Sure, KT Tape has given you relief from that painful shoulder injury, but as you recover, it's also important to understand all the factors that go into such an injury. According to a Medical News Today article and a study posted in May 2009 from the Journal of Bone and Joint Surgery (JBJS), there are family genes being linked to shoulder rotator cuff injuries. If you have relatives who have an injured rotator cuff, the chances are likely that you might experience the same problem. Robert Z. Tashjian, MD, associate professor of orthopaedic surgery, at the University of Utah School of Medicine Orthopaedic Center in Salt Lake City, states this study "strongly suggests genetic predisposition as a possible cause for rotator cuff disease. While we have not determined the exact genetic component.

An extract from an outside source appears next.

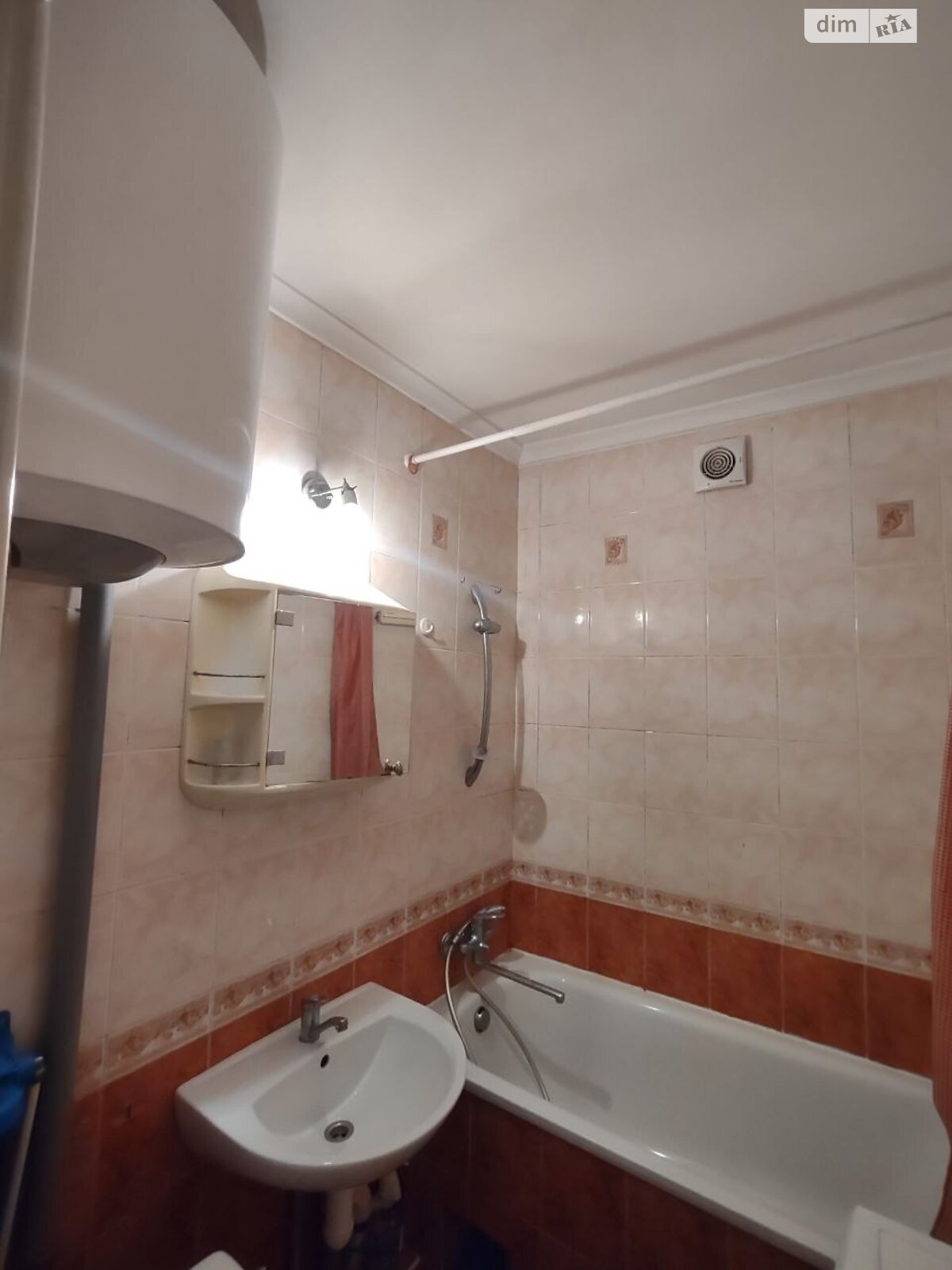 Продажа трехкомнатной квартиры в Одессе, на ул. Героев Крут 14, район Чубаевка фото 1 Продажа трехкомнатной квартиры в Одессе, на ул. Героев Крут 14, район Чубаевка фото 1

Our family history data supports that heredity plays a role in the development of rotator cuff tearing." With most problems arising in people in their 50's or 60's, environment and mechanical influences also play a part in shoulder injury. Other theories include:
  • Decreased blood flow leading to tendon dysfunction and tearing
  • Bumping (impingement) of the rotator cuff on the under-surface of the shoulder cap (acromion) when moving the arm
  • This may lead to a slow development of tears due to repetitive micro-trauma over time
  • Age-related degeneration
Not only finding that shoulder injuries might be genetic, Dr. Tashjian is now looking into collecting blood samples  of patients with rotator cuff tears to find the exact genetic compound relating to this type of injury. Knowing this information can be helpful for medical providers and shoulder sufferers to pay attention to their family history. If shoulder injuries are common throughout their family history then steps to shoulder injury prevention can be taken. Also, orthopaedic surgeons can begin shoulder stretching and strengthening program for high risk patients. With more research and understanding  of this unfortunate injury, hopefully athletes can better prepare, stretch and strengthen shoulders to avoid and evade genetics.